PG Phriday: Postgres as Middleware

One of the cool things I like most about Postgres, is that it’s probably the most inclusive database software I’ve ever encountered. It’s so full of features and functionality these days, it’s practically middleware. Almost anything plugs into it, and if it doesn’t, there’s usually a way to make it happen.

Want a demonstration?

SciDB is often used for large analytical data warehouses. They even use Postgres for metadata storage. Despite this, they still haven’t written a foreign data wrapper for back-and-forth interaction. But they have written a Python API. So what can we do with it?

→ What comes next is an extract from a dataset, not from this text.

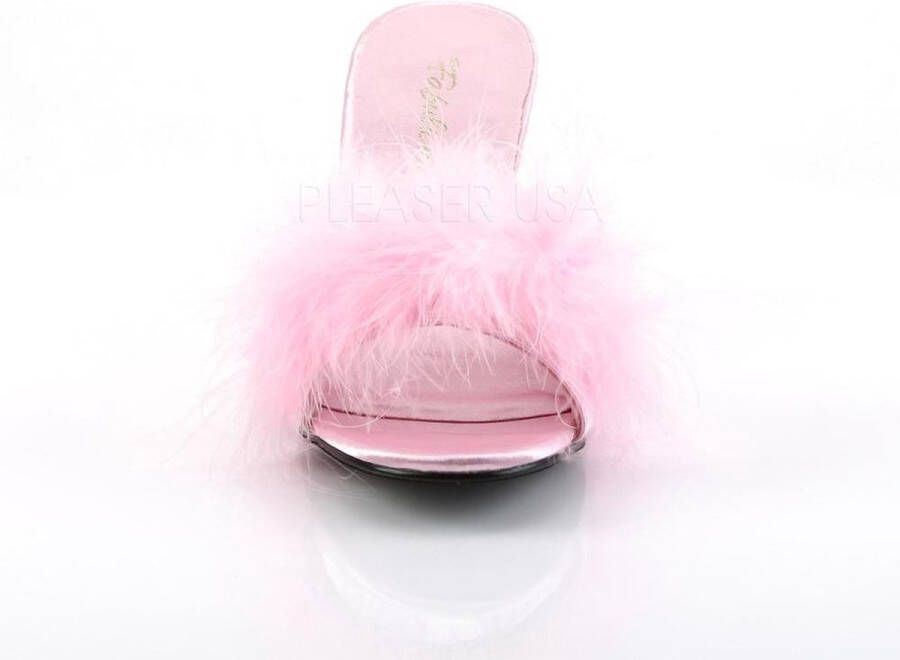 Fabelicious Fabulicious AMOUR-03 Muiltjes met hak 37 Shoes Roze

This isn’t a SciDB tutorial, so let’s just create a very simple data array with one attribute over one dimension. Nothing crazy here:

CREATE ARRAY thing  [id=0:10,10,0];
store(build(thing, 'Thing ' + string(id)), thing);
scan(thing);

{id} msg
{0} 'Thing 0'
{1} 'Thing 1'
{2} 'Thing 2'
{3} 'Thing 3'
{4} 'Thing 4'
{5} 'Thing 5'
{6} 'Thing 6'
{7} 'Thing 7'
{8} 'Thing 8'
{9} 'Thing 9'
{10} 'Thing 10'

The hardest part about accessing this data via Postgres, was actually getting the SciDB python driver to work. Instead of directly utilizing their own client libraries, it actually obtains data through an HTTP proxy they called shim. Once that was done, I just had to find the right calls in the SciDB-Py documentation and refresh my memory on PL/Python.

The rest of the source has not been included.